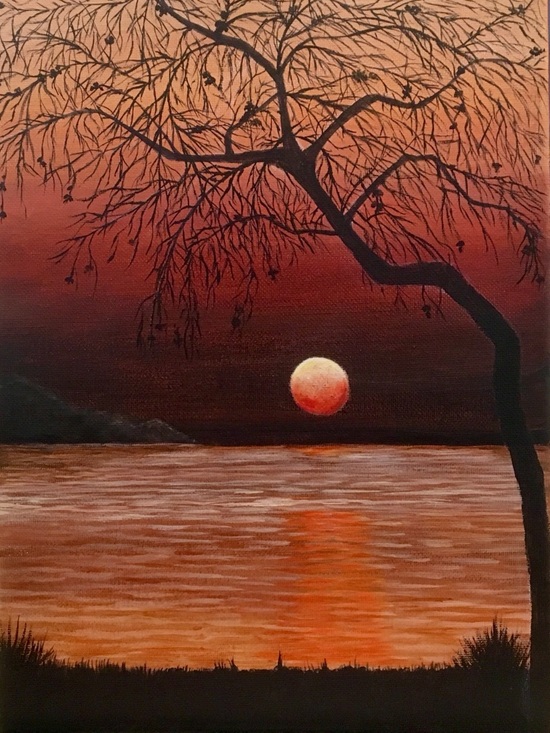Hand Crafted Other - Hand Crafted Art Print “Evening Sunset”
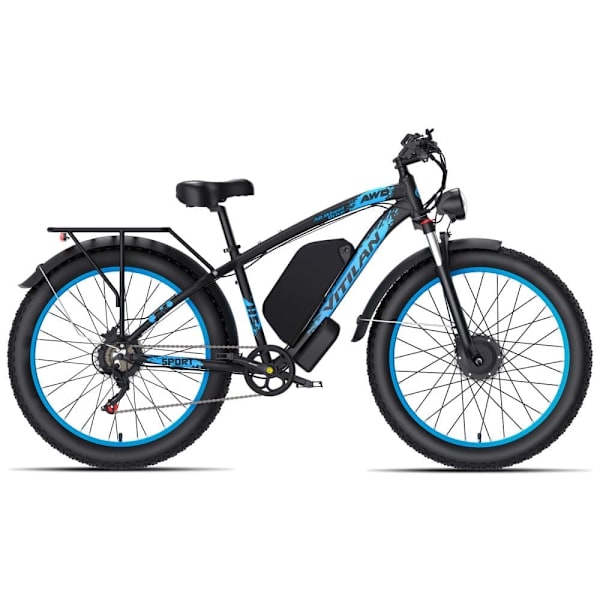 Elcykel Vitilan H5, Dubbelmotor 2000W, 52V 25Ah Löstagbart Batteri, Feta Däckc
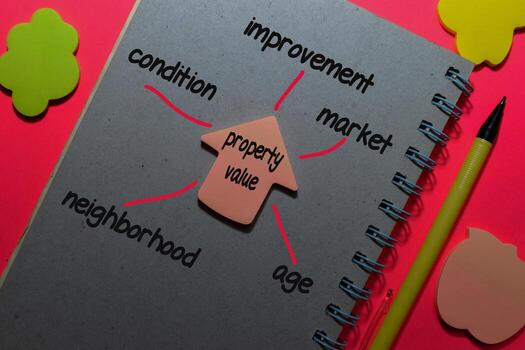 Property Value on sticky note with keywords isolated on office desk. Chart or mechanism concept. photo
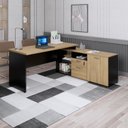Ver imagem 1 de Escrivaninha Mesa Escritório em L  com Armário Lateral Pé Painel 170x150cm Tampo 30mm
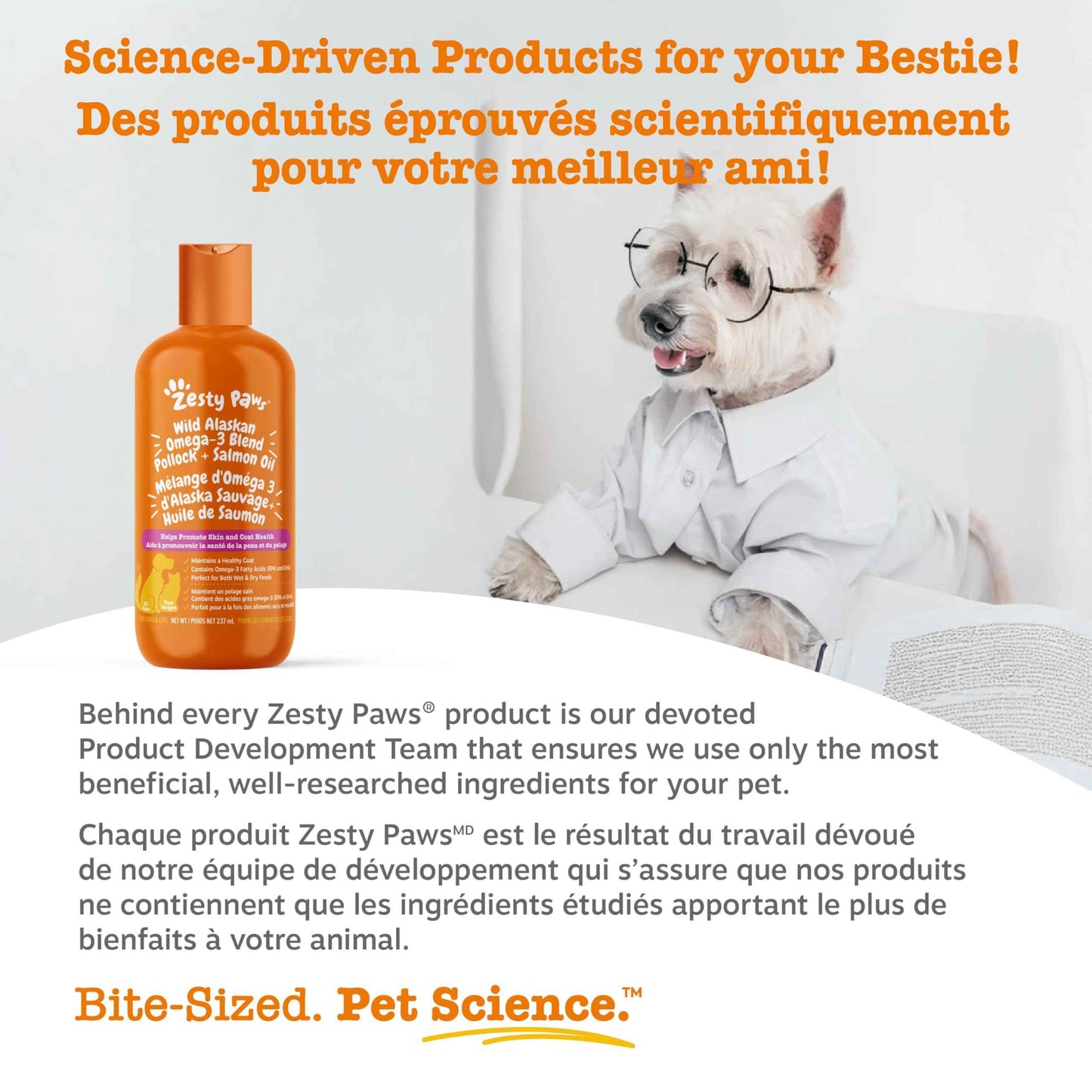 Zesty Paws Wild Alaskan Omega-3 Blend Pollock + Salmon Oil for Dogs and Cats- Skin and Coat Support, Omega 3 Supplement for Pets, 8.5oz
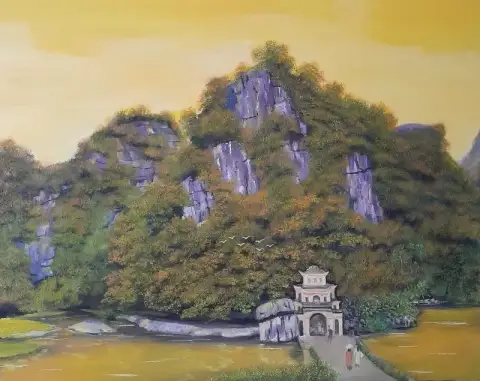 ベトナムの山の寺院の風景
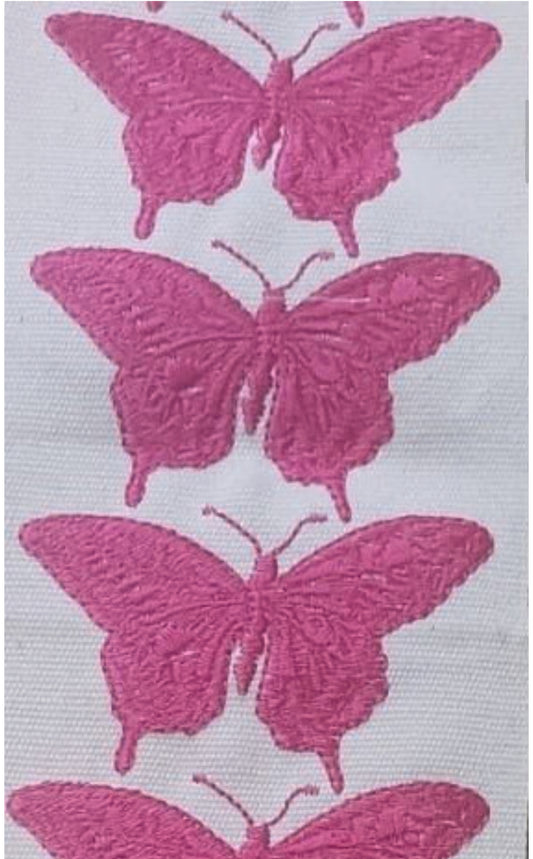 Pink Butterfly 41 Embroidered Trim Tape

----

- **What you are asked to do**
Copy the records exactly, leaving out every picture.

- **Exercise result**
Hand Crafted Other - Hand Crafted Art Print “Evening Sunset”
 Elcykel Vitilan H5, Dubbelmotor 2000W, 52V 25Ah Löstagbart Batteri, Feta Däckc
 Property Value on sticky note with keywords isolated on office desk. Chart or mechanism concept. photo
Ver imagem 1 de Escrivaninha Mesa Escritório em L  com Armário Lateral Pé Painel 170x150cm Tampo 30mm
 Zesty Paws Wild Alaskan Omega-3 Blend Pollock + Salmon Oil for Dogs and Cats- Skin and Coat Support, Omega 3 Supplement for Pets, 8.5oz
 ベトナムの山の寺院の風景
 Pink Butterfly 41 Embroidered Trim Tape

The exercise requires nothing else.